We do not reach the issue of abandonment, the Board's alternate ground for its decision, in light of our conclusion that there was no prior nonconforming use of Lot 7. See Ferraro v. Zoning Bd. of the Bor. of Keansburg, 321 N.J. Super. 288, 291 (App. Div. 1999). We merely note that the right to continue a prior nonconforming use may be lost not only through abandonment (which has been held to involve an intention to abandon the use) but also through cessation of the prior nonconforming use. See Villari v. Zoning Bd. of Adj. of Deptford, 277 N.J. Super. 130, 135 (App. Div. 1994) (citing Camara v. Board of Adj. of Tp. of Belleville, 239 N.J. Super. 51, 56-57 (App. Div. 1990)). See generally 12 Powell on Real Property § 79C.06[3][f]; 4 Rathkopf's § 51B.02.

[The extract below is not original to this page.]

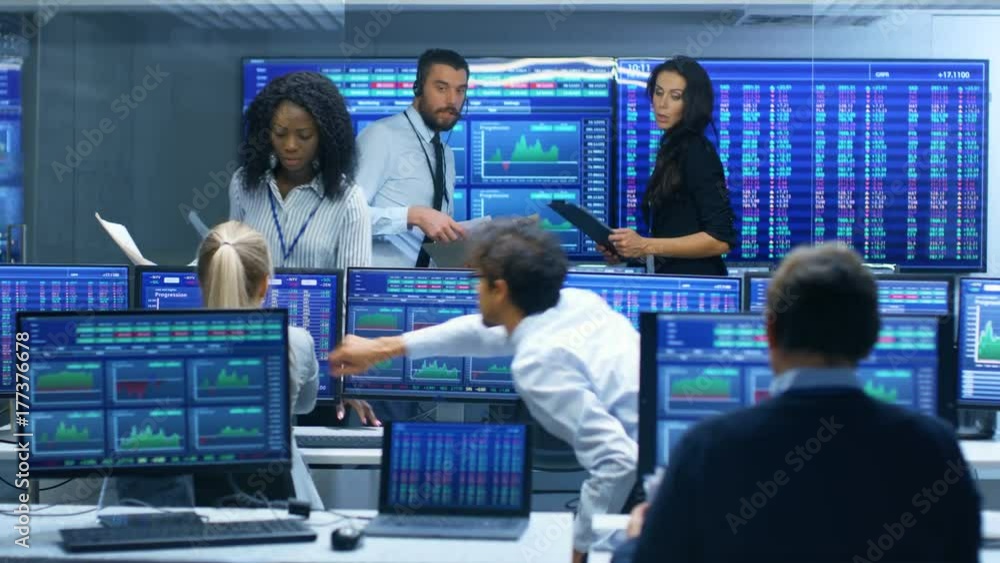 Aufkleber multi-ethnic team is busy working at the stock exchange office. traders and brokers buy and sell sto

The credible evidence in the record supports the Board's conclusion that the minimal mining support activities that plaintiff conducted on one acre of Lot 7 before I-195 separated it from Lot 5, activities not proven to have occurred before 1955, do not establish a prior nonconforming mining use of Lot 7. The law also supports the Board's determination that Lot 7 is not entitled to the protection afforded by the prior nonconforming use of Lot 5.

We reverse and remand to the Law Division for entry of judgment reinstating the determination of the Wall Township Zoning Board.